Prima di tutto perchè aggiungono nuovo supporto, e quindi nuovi significati, alla narrazione: dalle chat stavolta si passa all’audio. E questo è un effetto novità che paga per qualsiasi storytelling alternativo. Poi perchè  queste rivelazioni di Berdini alludono ad un sottofondo di gossip e softcore potenzialmente esplosivo per chi è politicamente in difficoltà, rispetto all’audience e all’elettorato. Ecco infatti Libero, che di storytelling costruiti per distruggere l’avversario politico ha una consolidata tradizione, passa subito all’allusione piena dello scenario softcore, pescando dall’intramontabile linguaggio della stagione dei film italiani di serie B.

In questo senso la Raggi rischia di entrare in una narrazione, in termini di farsa, peggiore di quella degli assessori che vanno e che vengono. Quella che circola più velocemente sui social legata al gossip, e già di articoli considerabili con questo termine riguardanti la Raggi ne circolano, e alla dimensione softcore dell’alcova della sindaco che titoli come quello di Libero evocano. Insomma quando lo storytelling sfugge di mano questa del gossip e del softcore, se permane, è la tendenza peggiore.
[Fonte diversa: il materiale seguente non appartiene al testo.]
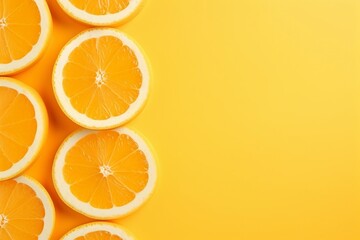a group of sliced oranges on a yellow background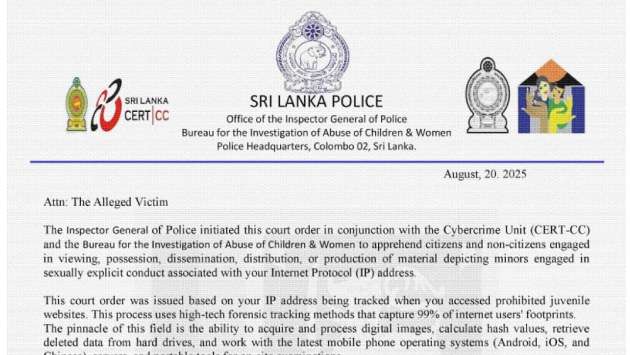 Police deny issuing letter “Attn: The Alleged Victim” circulated over social media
Rimane la censura ufficiale, da parte dei rappresentanti delle istituzioni, del numero di Libero. La censura morale serve a poco. Specie in un’epoca dove i social la metabolizzano con infinite polemiche che ne triturano l’efficacia (alimentando proprio quei nuovi generi di narrazioni che la censura vorrebbe evitare), la censura morale esiste per salvaguardare solo quella quota di moralità che le istituzioni detengono. Ma non certo per prevenire o impedire fenomeni di comunicazione spontanea e di impatto. Un certo tipo di comunicazione, come lo storytelling attivato da Libero, si sconfigge con l’ironia. Certo ironia ed istituzioni si accompagnano male, visto che questa, per essere efficace contro uno storytelling, deve essere agile e sottile come le istituzioni della repubblica non sanno essere. Ma più a sinistra, invece di agitare l’immmediato linguaggio della condanna, quella pratica sociale che invocata rende sempre simili al potere,  l’ironia contro storytelling del genere potrebbe essere usata con maggiore successo. Ma l’ironia, nella comunicazione politica efficace, non è tanto invenzione di un singolo. E’ come un pezzo musicale: in parte creazione di un gruppo, in parte pre-esistente in uno strato sociale. Cosa oggettivamente difficile per ciò che rimane della sinistra. Intanto lo storytelling di “Virginia” continua. Completamente sfuggito ai suoi creatori.